• **What is being asked**:
Please reproduce the lines from the one containing "Podloga COMBYNE F1" through the end of the data below exactly as they stand, and omit all pictures.

• **Web page caption snippets**:
---+---
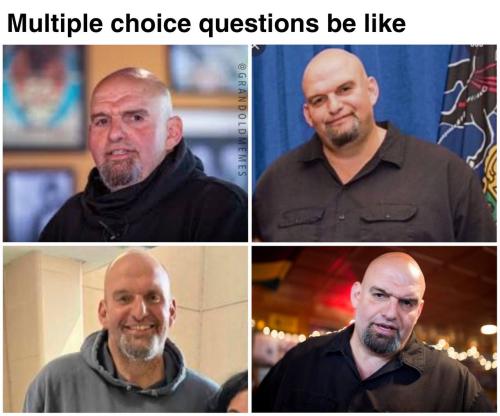 photo_2023-03-24_23-23-01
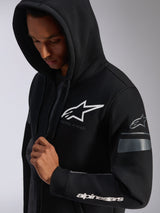 Esemex Kapuzenpullover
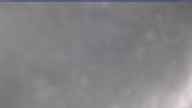 20241203_074002.jpg 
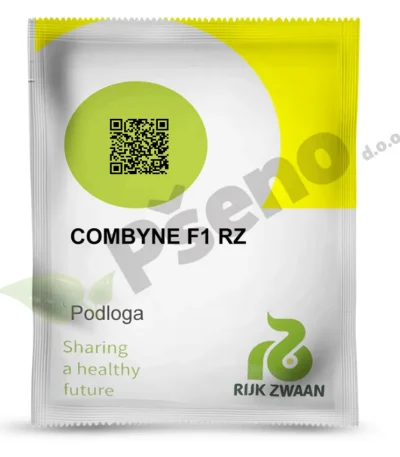 Podloga COMBYNE F1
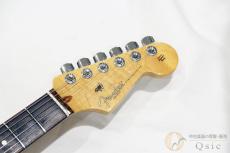 Fender American Standard Stratocaster 【返品OK】[VL313]【神戸店在庫】_6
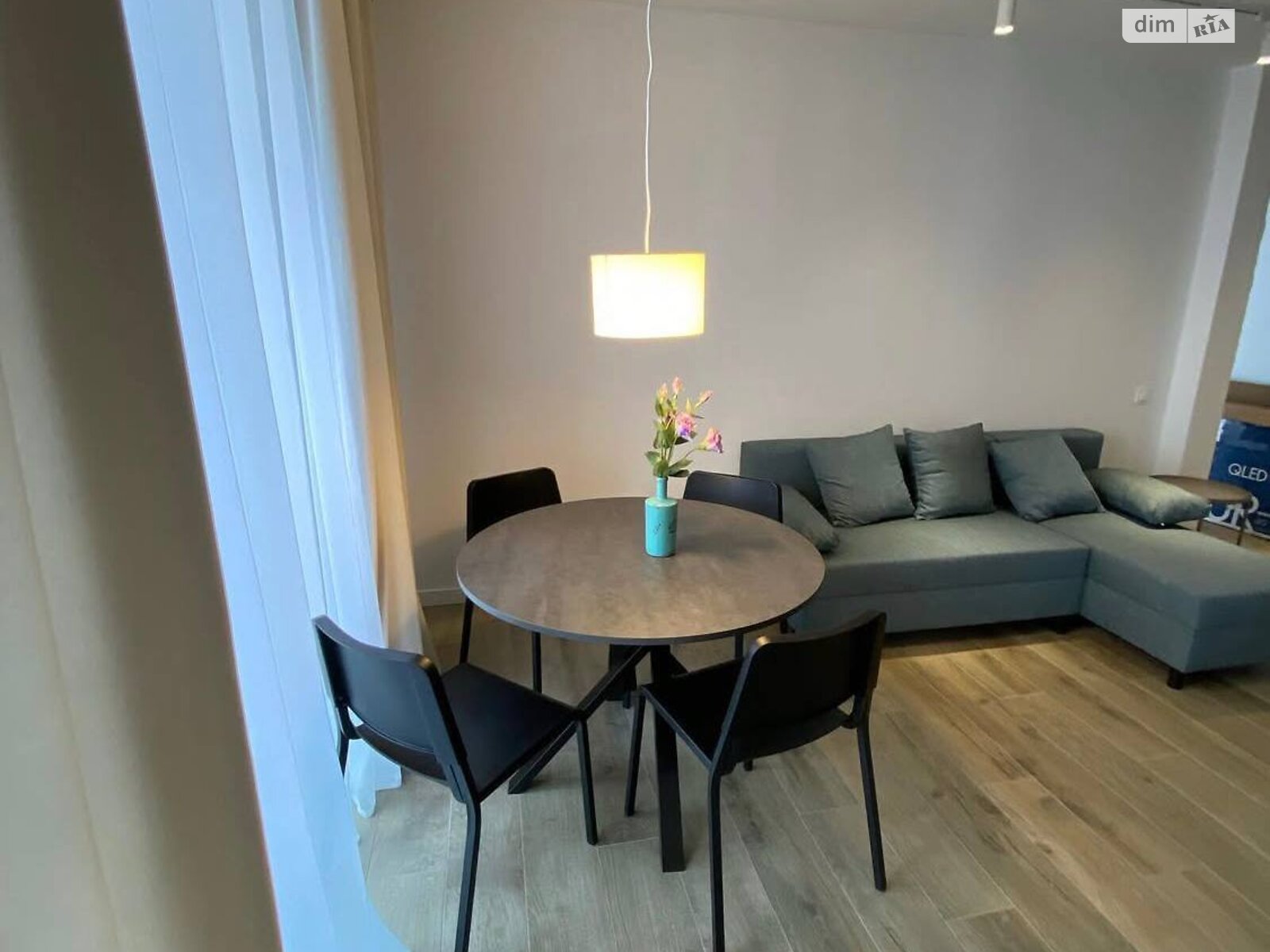 двухкомнатная квартира в Ивано-Франковске, район Центр, на ул. Гетьмана Ивана Мазепы в аренду на долгий срок помесячно фото 1 двухкомнатная квартира в Ивано-Франковске, район Центр, на ул. Гетьмана Ивана Мазепы в аренду на долгий срок помесячно фото 1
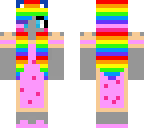 nyan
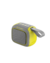 Parlante Stromberg ZING Portátil Con Bluetooth - comprar online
---+---
• **Answer section**:
 Podloga COMBYNE F1
 Fender American Standard Stratocaster 【返品OK】[VL313]【神戸店在庫】_6
 двухкомнатная квартира в Ивано-Франковске, район Центр, на ул. Гетьмана Ивана Мазепы в аренду на долгий срок помесячно фото 1 двухкомнатная квартира в Ивано-Франковске, район Центр, на ул. Гетьмана Ивана Мазепы в аренду на долгий срок помесячно фото 1
 nyan
 Parlante Stromberg ZING Portátil Con Bluetooth - comprar online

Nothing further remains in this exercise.